Once a more precise description of the UGD becomes available, it will enable a direct comparison with upcoming data collected at the HL-LHC. We mainly refer to semi-inclusive final states sensitive to the single-inclusive production of tetraquark states in central rapidity regions covered by ATLAS or CMS barrels, say $|y_1|\lesssim 2.4$, or in forward regions at LHCb, say $2\lesssim y_1\lesssim 4.5$. Accessing a wider range of transverse momentum will also permit us to probe kinematic sectors where different formation mechanisms for our tetraquark are supposed to be at work, and possibly establish a data-driven hierarchy among them.

Further advancements would also rely upon linking our program with NLO investigations of single-forward or nearly back-to-back semi-inclusive emissions within the framework of gluon saturation (see, for instance, Refs. [418,419,420,421,422,423,424,425,426,427,428,429,430] and references therein). In these analyses, the influence of soft-gluon radiation on angular asymmetries in dijet or dihadron production was addressed (see Refs. [362,363,431,432,433,434]).

NLO saturation allows us to access the (un)polarized gluon content of protons and nucleons at small-x [435,436,437,438,439,440]. Authors of Refs. [441,442,443,444,445] explore heavy-hadron emissions in proton–proton and proton–nucleus collisions by incorporating small-x effects.
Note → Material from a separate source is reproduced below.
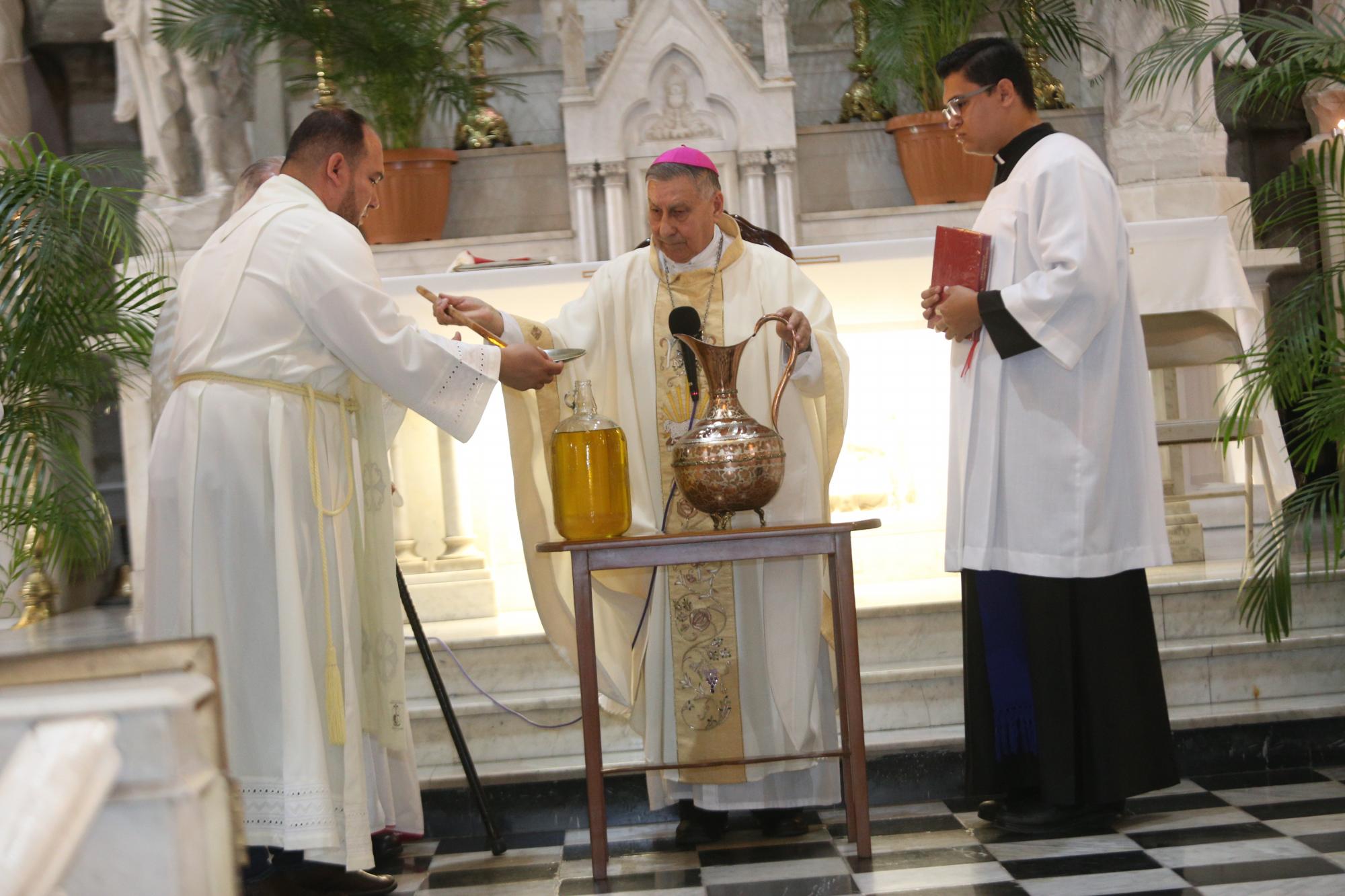 $!El Padre Adán Pasos y el seminarista Ricardo Palomera ayudan al Obispo durante la bendición de los Santos Óleos.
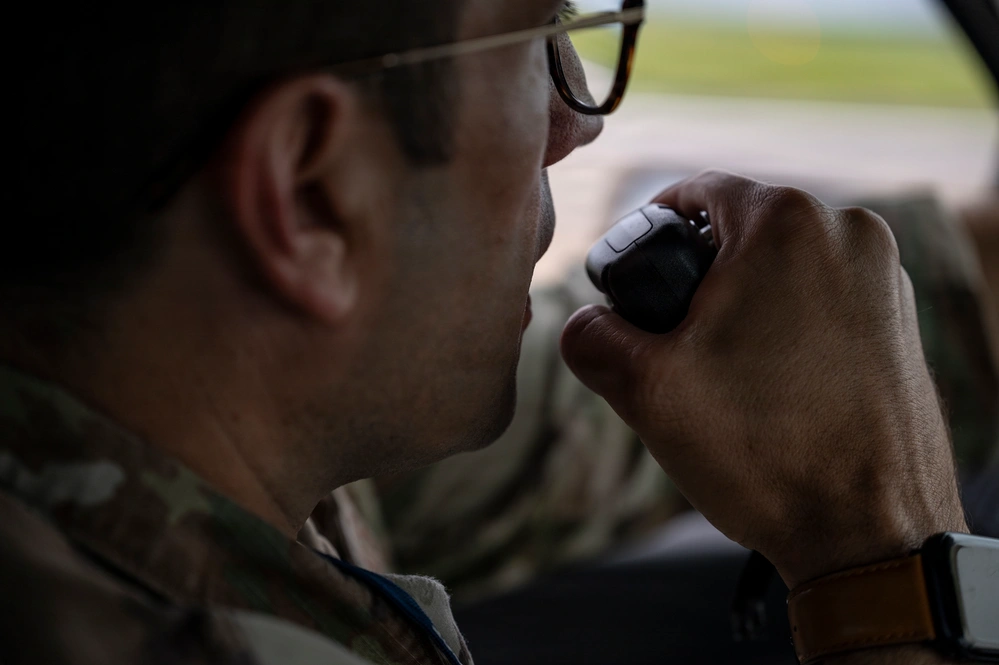 Airfield team member using a handheld radio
Future investigations will explore the intersection between our approach to tetraquark production via the $\mathrm{NLL}/{\mathrm{NLO}}^{+}$ hybrid factorization and higher-order calculations for NLO saturation in exclusive emissions of heavy particles [446,447].

A milestone in deepening our understanding of tetraquark fragmentation will rely upon comparing predictions from our TQHL1.0 FFs with ones based on functions extracted from global data. Along this direction, artificial intelligence techniques already adapted to address the collinear fragmentation of lighter hadron species [448,449,450,451,452,453,454,455] will be an asset.

As a prospect, we plan to extend to explore heavy–light tetraquark production through other resummations, as well as by using different inputs for the initial-scale fragmentation and through exclusive reactions. Promising avenues to be investigated via the fragmentation approximation include emissions of fully charmed tetraquarks [456,457,458,459] and pentaquarks [460,461,462].

A window of novel opportunities will come via forthcoming advancements in $X\left(3872\right)$ spectroscopy at electron-hadron facilities [463,464,465]. Until recently, the $X\left(3872\right)$ was the sole exotic state observed in prompt proton collisions. However, the discovery of fully charmed structures [466] and the $T_{cc}$ [467,468] brought novelty to the exotic-physics panorama. Extending our fragmentation approach to these states should be feasible and could offer valuable insights. Additionally, it could be applied to investigate the $Z_c\left(3900\right)$, which has not yet been observed promptly [469].

While further analyses are required from both the theoretical and phenomenological perspectives, we believe that the present study can contribute to open new windows of discovery. This gives us an intriguing opportunity to gain deeper insights into the true nature of exotic matter, which can be explored at the HL-LHC and at future colliders [470,471,472,473,474,475,476,477,478,479,480,481,482,483,484,485,486,487,488,489,490,491,492,493,494,495,496,497].